Data extract:
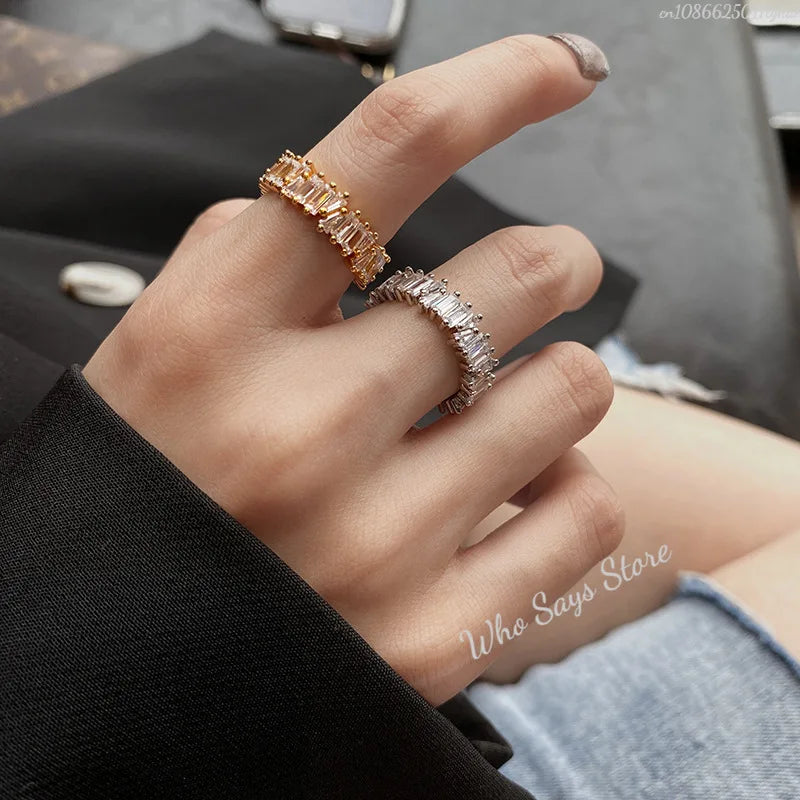 Stylish New Design Sparkling Zircon Rings for Women Elegant Party Jewelry Gift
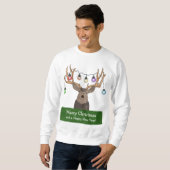Funny Rentier Weihnachtslicht Ugly Sweater Sweatshirt (Vorne ganz)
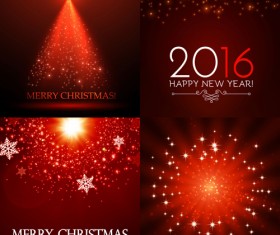 2016 christmas red art background vector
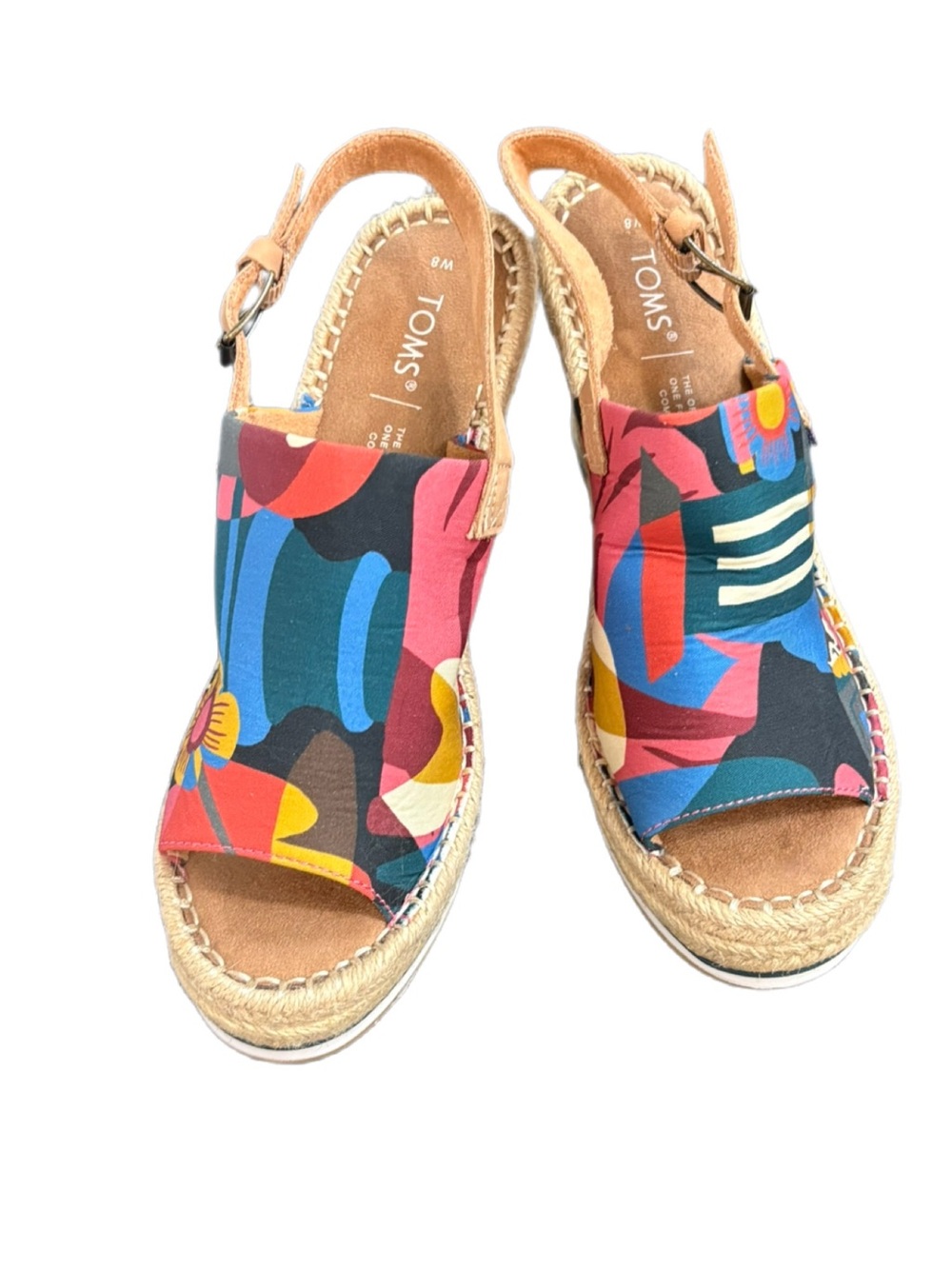 Toms Multicolor Canvas Graphic Espadrille Wedge Sandal Size 8 NWOT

Problem to solve: Quote in full the listing given above; the images are to be left out.

Task result:
 Stylish New Design Sparkling Zircon Rings for Women Elegant Party Jewelry Gift
Funny Rentier Weihnachtslicht Ugly Sweater Sweatshirt (Vorne ganz)
 2016 christmas red art background vector
 Toms Multicolor Canvas Graphic Espadrille Wedge Sandal Size 8 NWOT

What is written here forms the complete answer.